The Abyssinian
ABOUT
THE BOOK
The beginning of the story is a curious fact: In 1699, Louis X1V of France sent an embassy to the most mysterious and fabled of oriental sovereigns, the Negus, or King, of Abyssinia (modern-day Ethiopia). Louis’ hope was to lure that country, nominally Christian for centuries, into the political and religious orbit of France.

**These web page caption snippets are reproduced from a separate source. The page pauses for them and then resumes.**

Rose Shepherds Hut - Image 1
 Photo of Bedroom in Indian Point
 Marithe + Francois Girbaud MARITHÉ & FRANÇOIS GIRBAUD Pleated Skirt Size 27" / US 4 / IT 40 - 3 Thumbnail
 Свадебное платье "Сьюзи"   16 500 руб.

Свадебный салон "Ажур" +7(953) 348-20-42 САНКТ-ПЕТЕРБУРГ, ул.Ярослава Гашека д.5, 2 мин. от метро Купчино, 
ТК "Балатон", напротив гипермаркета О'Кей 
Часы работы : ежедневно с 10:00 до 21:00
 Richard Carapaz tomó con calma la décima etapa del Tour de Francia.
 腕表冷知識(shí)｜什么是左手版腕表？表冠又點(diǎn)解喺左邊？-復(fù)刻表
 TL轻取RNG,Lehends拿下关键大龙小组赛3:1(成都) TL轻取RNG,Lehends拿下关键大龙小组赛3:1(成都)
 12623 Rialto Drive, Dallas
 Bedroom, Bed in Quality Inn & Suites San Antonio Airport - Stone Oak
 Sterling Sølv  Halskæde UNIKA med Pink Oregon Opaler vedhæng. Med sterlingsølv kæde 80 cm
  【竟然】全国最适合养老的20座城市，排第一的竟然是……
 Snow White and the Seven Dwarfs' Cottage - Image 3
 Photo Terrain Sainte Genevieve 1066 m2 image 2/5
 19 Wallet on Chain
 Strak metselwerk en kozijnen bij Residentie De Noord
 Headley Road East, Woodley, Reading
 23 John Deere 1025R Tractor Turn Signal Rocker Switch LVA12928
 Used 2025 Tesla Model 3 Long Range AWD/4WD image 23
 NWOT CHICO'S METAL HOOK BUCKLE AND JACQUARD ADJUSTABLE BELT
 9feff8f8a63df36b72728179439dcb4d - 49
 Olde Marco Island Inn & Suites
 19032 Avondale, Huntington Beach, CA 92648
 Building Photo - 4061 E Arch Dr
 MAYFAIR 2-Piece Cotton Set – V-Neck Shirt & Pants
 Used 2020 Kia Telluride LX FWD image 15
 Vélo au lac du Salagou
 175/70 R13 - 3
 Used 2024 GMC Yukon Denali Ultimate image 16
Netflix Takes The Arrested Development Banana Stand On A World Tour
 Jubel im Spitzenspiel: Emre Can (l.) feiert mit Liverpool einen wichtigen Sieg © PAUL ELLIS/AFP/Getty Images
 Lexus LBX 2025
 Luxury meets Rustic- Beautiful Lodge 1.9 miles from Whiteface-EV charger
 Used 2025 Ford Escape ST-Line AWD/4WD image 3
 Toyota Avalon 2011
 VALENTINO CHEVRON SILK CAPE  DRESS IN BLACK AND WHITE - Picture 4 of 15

Jean-Baptiste Poncet, gifted young apothecary/physician to the pashas of Cairo, is the hero of this romantic epic embroidering upon the known details of that long-forgotten embassy. Selected by the French consul to lead the mission, Poncet travels through the deserts of Egypt and Sinai and the mountains of Abyssinia to the court of the Negus, thence to Versailles and back again. Along the way he falls madly in love with the consul’s daughter, deals with the intrigues of his fanatical Jesuit travelling companions, treats the Negus for a mysterious skin ailment, and gains a disastrous audience with the king of France.
Friendship, humor, love, and discovery infuse this gorgeous adventure, but there is a more serious theme as well. Poncet discovers the splendors of an exotic empire and civilization, and, thanks to him, Ethiopia will escape foreign conquest and preserve its mystery into our own times. In this internationally best-selling novel, Jean-Christophe Rufin yokes the elegant language of the French enlightenment with the storytelling of Alexandre Dumas to bring us a splendid parable of liberty, religious fanaticism, and the possibility of happiness.